Il y a quelques mois, la chefferie du PQ était promise à Alexandre Cloutier. On en appelait à son couronnement.

La course serait une formalité. Jean-François Lisée, quant à lui, était présenté comme un candidat marginal.

Surprise

Alors, que s’est-il passé pour qu’il remporte la chefferie de son parti?

C’est simple: Lisée a mené la guerre au politiquement correct.

Les médias disaient: ne touche pas à la charte des valeurs. Il s’en est emparé à sa manière.

Ils ajoutaient: ne touche pas à l’immigration. Il a proposé de baisser les seuils.

Ils concluaient: ne parle pas du voile intégral. Il a proposé de débattre de l’interdiction de la burqa.

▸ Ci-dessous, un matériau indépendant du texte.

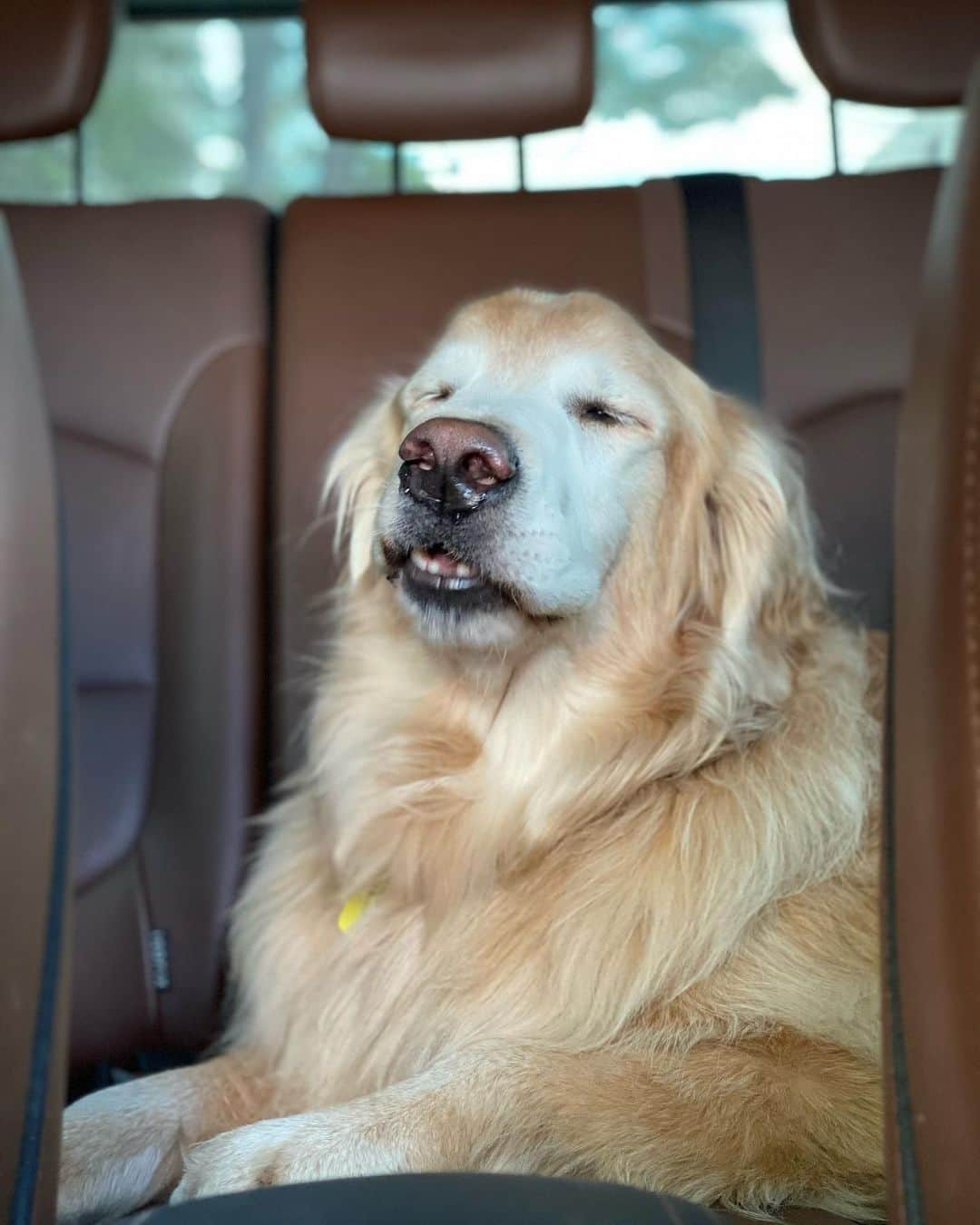 Bobさんのインスタグラム写真 - (BobInstagram)「Caras e bocas numa manhã qualquer 😑🥱😴😀🙂 . . . #pets #photooftheday #petsofinstagram #instagrammers #instagram #instadaily #vejasp #goldenretriever #goldenretrievers #goldenretrieversofinstagram #dogs #dogstyle #dogoftheday #dogsofinstagram #saopaulo #gudfriends #photography」11月10日 18時52分 - bob_marley_goldenretriever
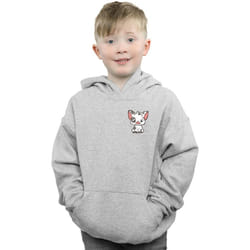 Disney - Sweat à capuche - Garçon (Gris chiné)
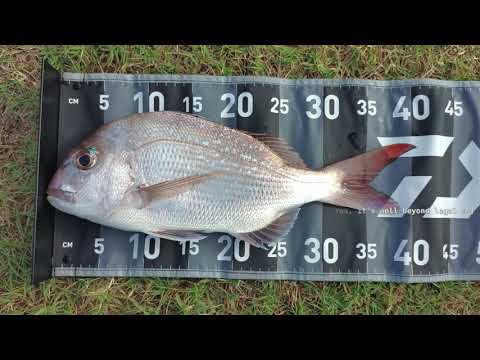 First Snapper on the Arrowz Light &amp; Daiwa KIX LT Combo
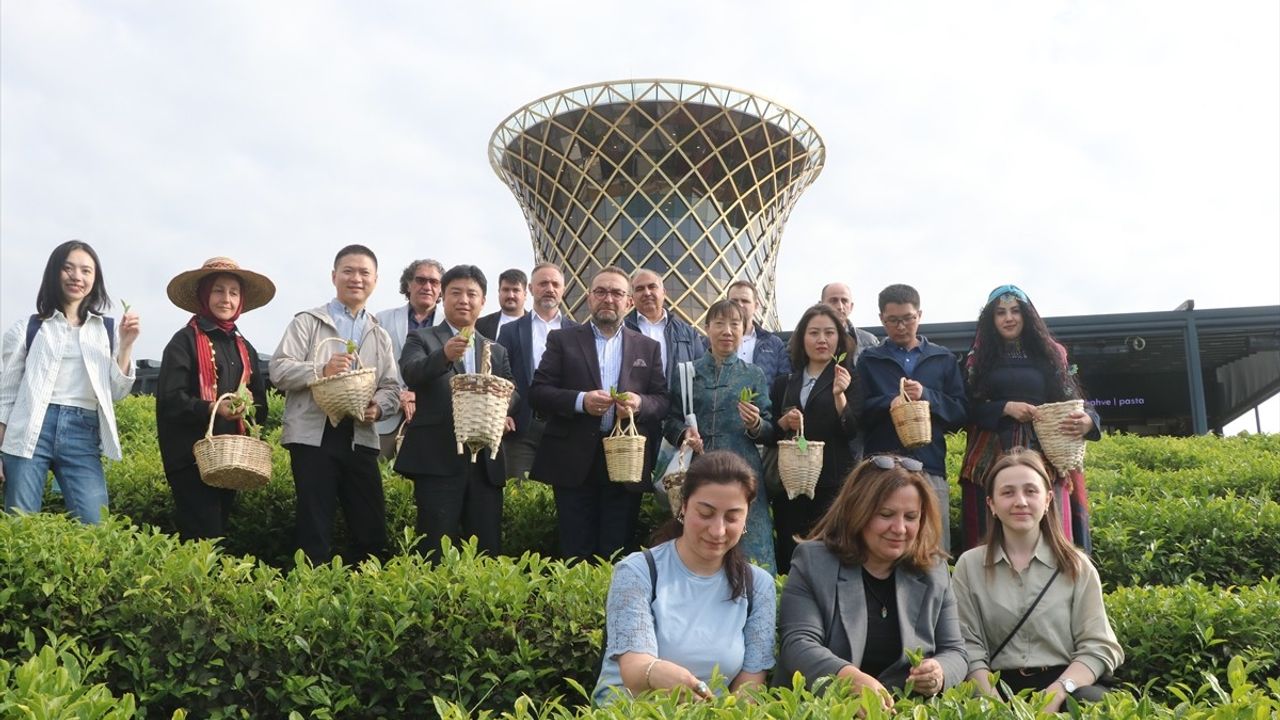 Uluslararası Çay Günü'nde Çinli Akademisyenler Rize'de Çay Topladı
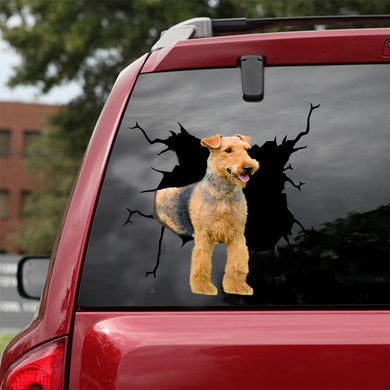 [dt0020-snf-lad]-irish-terrier-crack-car-sticker-dogs-lover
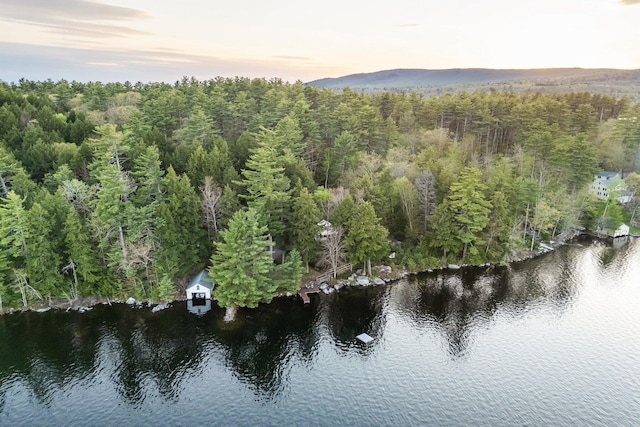 137 Birch Ln, Belgrade, ME 04917 - view of property location featuring a heavily wooded area and a water and mountain view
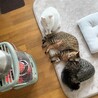 の写真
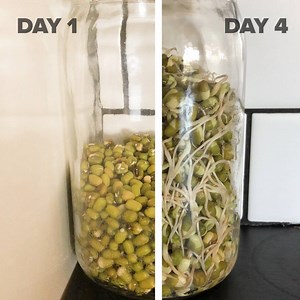 31M views · 48K reactions | Sprout anything with these handy tips  | Tasty | Facebook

C’est la revanche de Bernard Drainville. Depuis deux ans, on a tout fait pour salir sa réputation. On l’a présenté comme un démagogue, un sale type sur qui chacun devait s’essuyer les pieds. C’est pourtant en suivant ses traces que Lisée a conquis son parti.

On pourrait en tirer une leçon: plus les médias gueulaient contre Lisée, plus les électeurs se tournaient vers lui.

La transgression est payante.

Si Lisée s’était contenté de mener une campagne doucereuse, bon chic bon genre, un peu à gauche mais pas trop loin du centre, capable de plaire au Globe and Mail et lui valant les compliments des élites mondaines, il se serait planté.

Transgression

La seule promesse de reporter le référendum ne pouvait le conduire à la victoire. Battre le gouvernement libéral ne suffisait pas. Il devait répondre aux angoisses légitimes de la majorité historique francophone.

Maintenant, il lui faut unir son parti. Tendre la main à ceux qui ne pensent pas comme lui. Leur dire qu’ils sont chez eux au PQ. C’était le sens de son discours de victoire.

Mais il doit aussi garder le cap. Poursuivre sur sa lancée. Y parviendra-t-il?